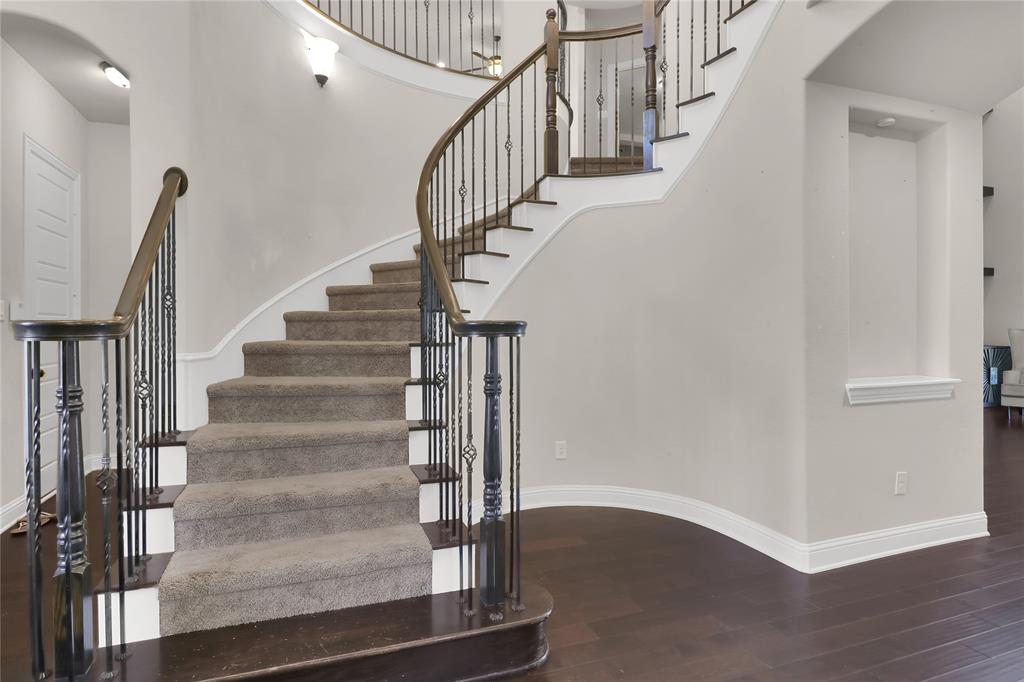 2523 Melissa Dianne Drive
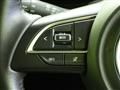 2022 Suzuki Jimny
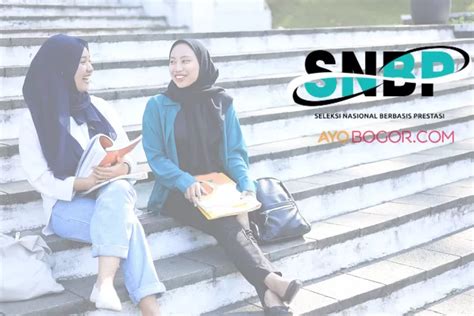 Kebijakan Baru Snbp Dan Snbt Calon Mahasiswa Baru Wajib Tahu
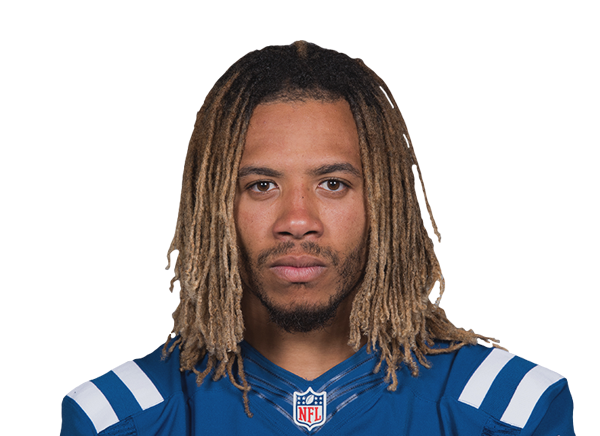 Edwin Jackson Madden NFL 2018 rating
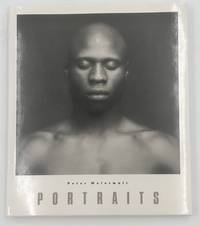 Portraits: Portraits in Contemporary Photography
-------------------------
Aim of the task: Please transcribe every record above exactly as written, leaving out the pictures.

Solution to this exercise:
 2523 Melissa Dianne Drive
 2022 Suzuki Jimny
 Kebijakan Baru Snbp Dan Snbt Calon Mahasiswa Baru Wajib Tahu
 Edwin Jackson Madden NFL 2018 rating
 Portraits: Portraits in Contemporary Photography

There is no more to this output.